▼

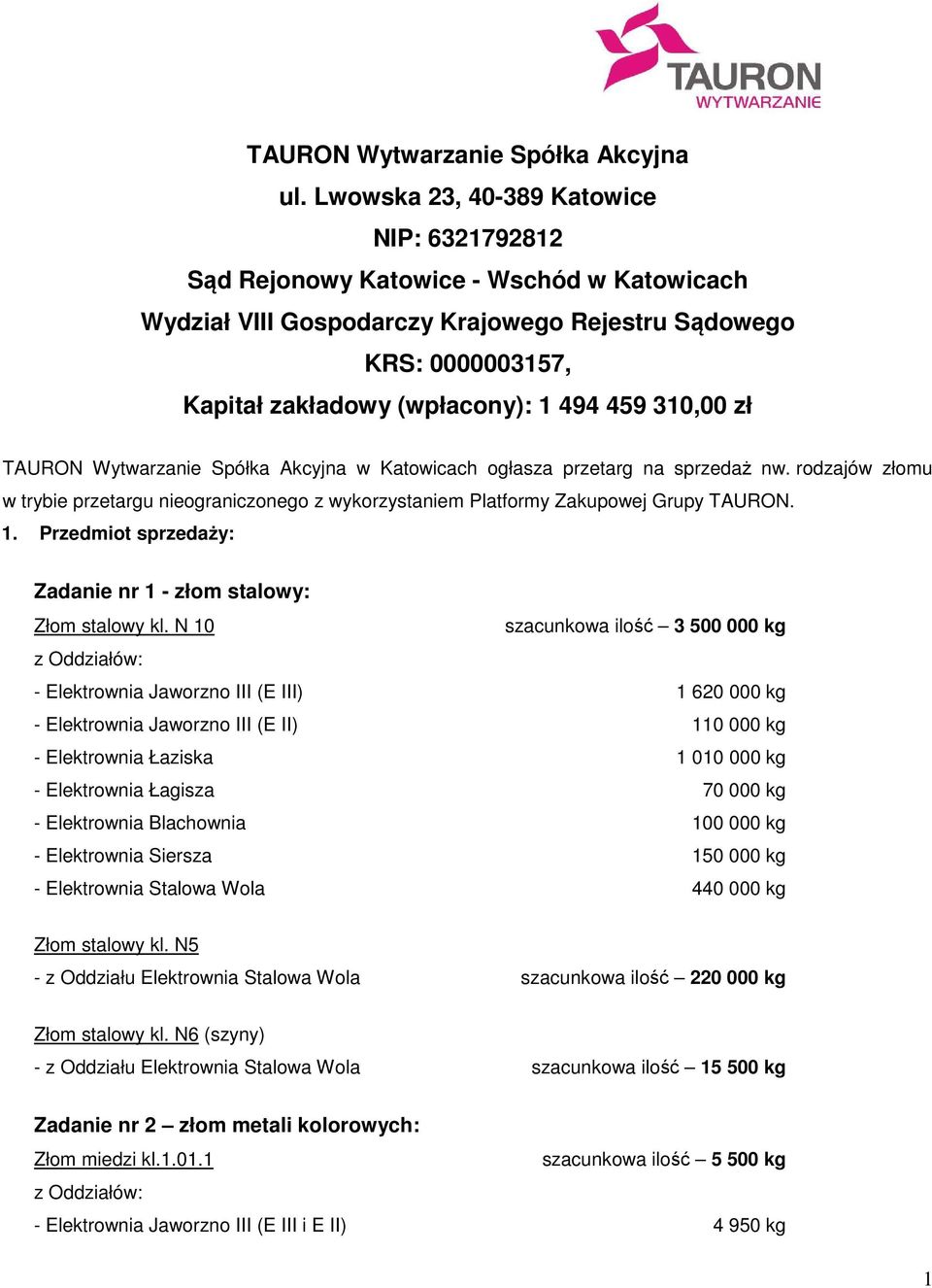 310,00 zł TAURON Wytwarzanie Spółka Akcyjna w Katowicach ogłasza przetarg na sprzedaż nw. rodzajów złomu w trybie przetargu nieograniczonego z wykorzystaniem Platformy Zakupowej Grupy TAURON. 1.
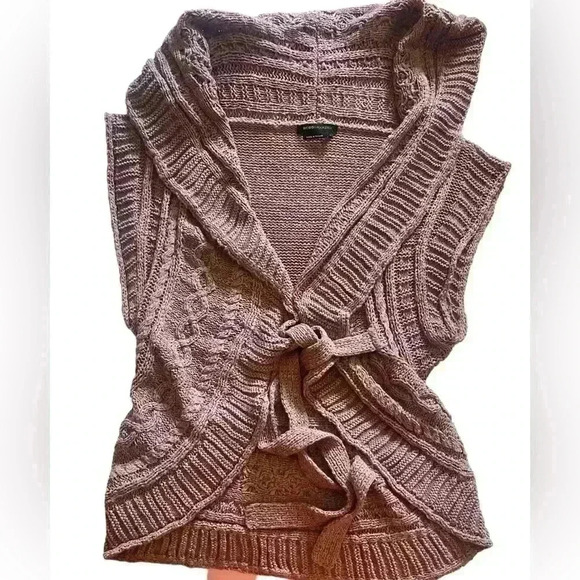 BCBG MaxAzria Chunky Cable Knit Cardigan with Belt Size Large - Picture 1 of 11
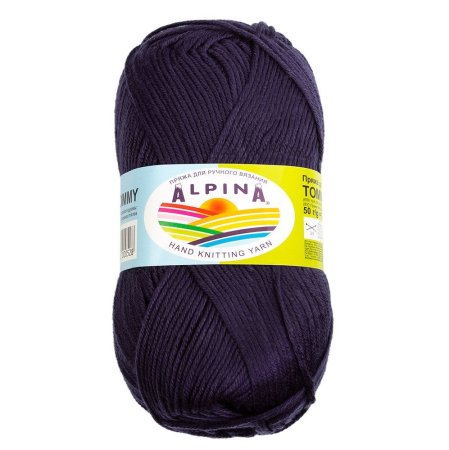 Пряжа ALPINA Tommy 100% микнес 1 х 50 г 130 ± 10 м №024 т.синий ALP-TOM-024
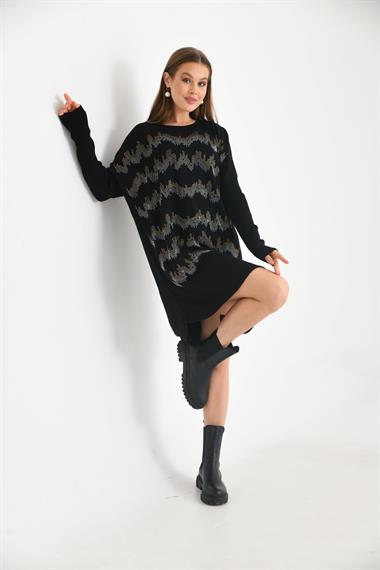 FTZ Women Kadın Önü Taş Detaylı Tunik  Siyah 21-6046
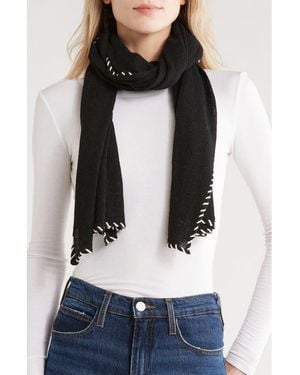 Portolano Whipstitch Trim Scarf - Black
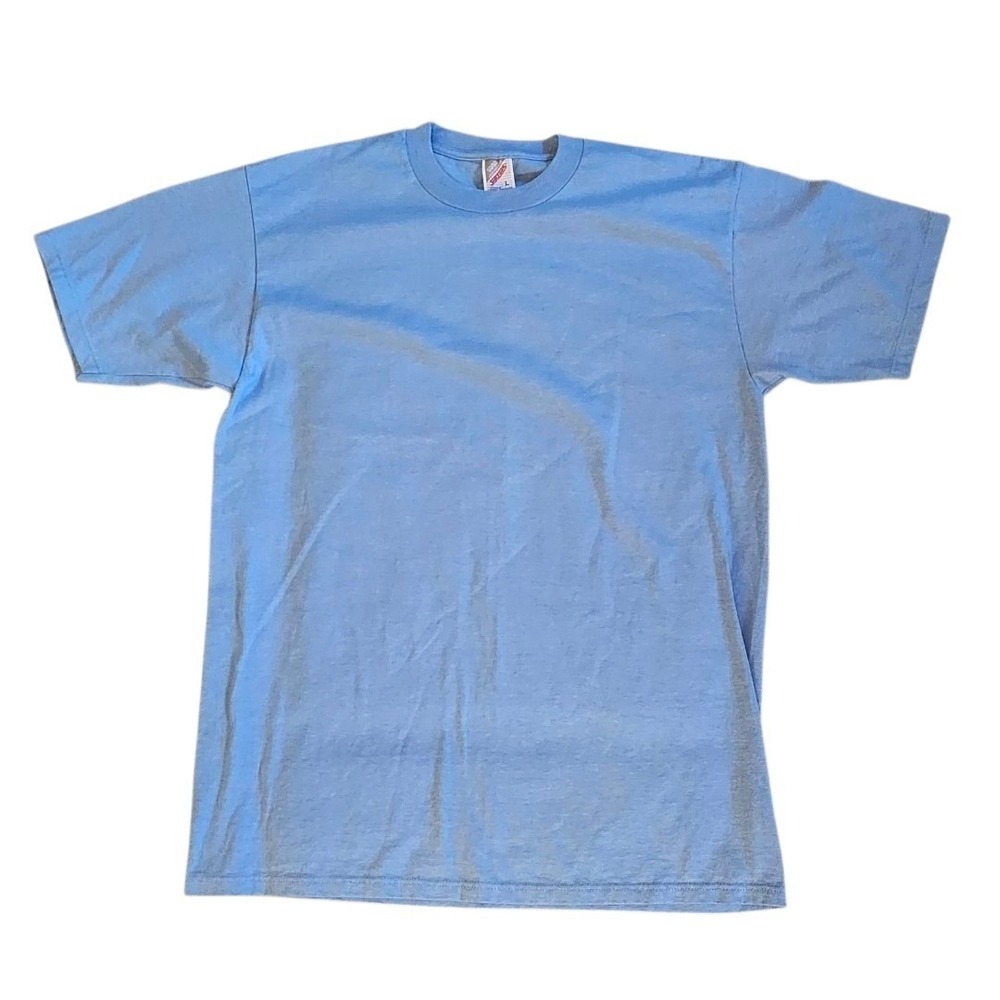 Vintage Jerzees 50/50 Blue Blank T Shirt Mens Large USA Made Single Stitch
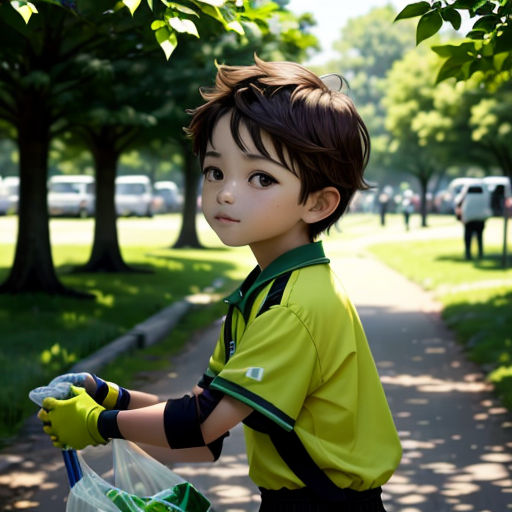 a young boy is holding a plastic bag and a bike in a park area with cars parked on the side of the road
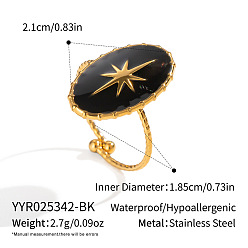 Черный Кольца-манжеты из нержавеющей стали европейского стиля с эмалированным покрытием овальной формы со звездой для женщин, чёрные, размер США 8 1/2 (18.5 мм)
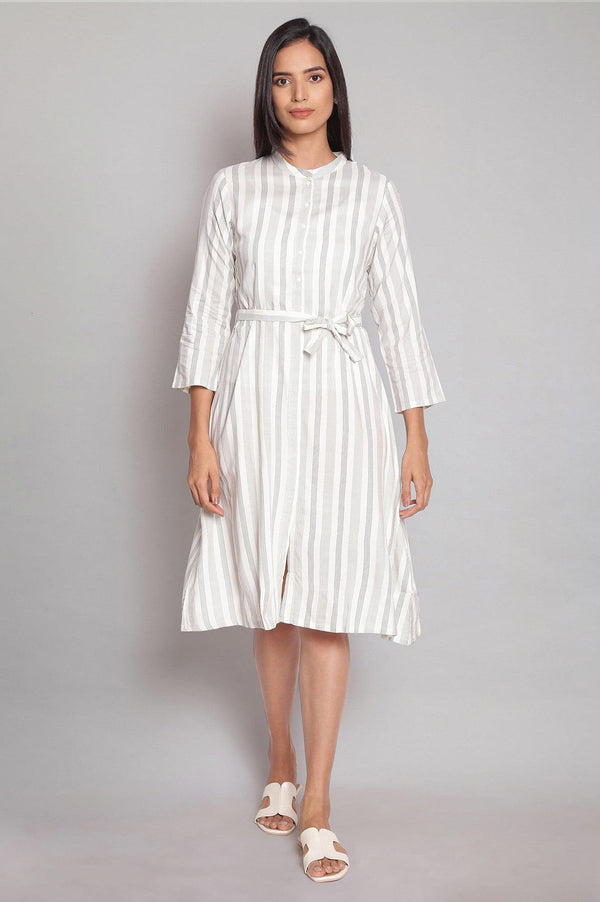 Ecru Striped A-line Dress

▲

— Work to be completed —
Return exactly the lines from the line with "BCBG MaxAzria Chunky" through the last line of the data above, both included; pictures do not go in the answer.

— Result of this exercise —
 BCBG MaxAzria Chunky Cable Knit Cardigan with Belt Size Large - Picture 1 of 11
 Пряжа ALPINA Tommy 100% микнес 1 х 50 г 130 ± 10 м №024 т.синий ALP-TOM-024
 FTZ Women Kadın Önü Taş Detaylı Tunik  Siyah 21-6046
 Portolano Whipstitch Trim Scarf - Black
 Vintage Jerzees 50/50 Blue Blank T Shirt Mens Large USA Made Single Stitch
 a young boy is holding a plastic bag and a bike in a park area with cars parked on the side of the road
 Черный Кольца-манжеты из нержавеющей стали европейского стиля с эмалированным покрытием овальной формы со звездой для женщин, чёрные, размер США 8 1/2 (18.5 мм)
 Ecru Striped A-line Dress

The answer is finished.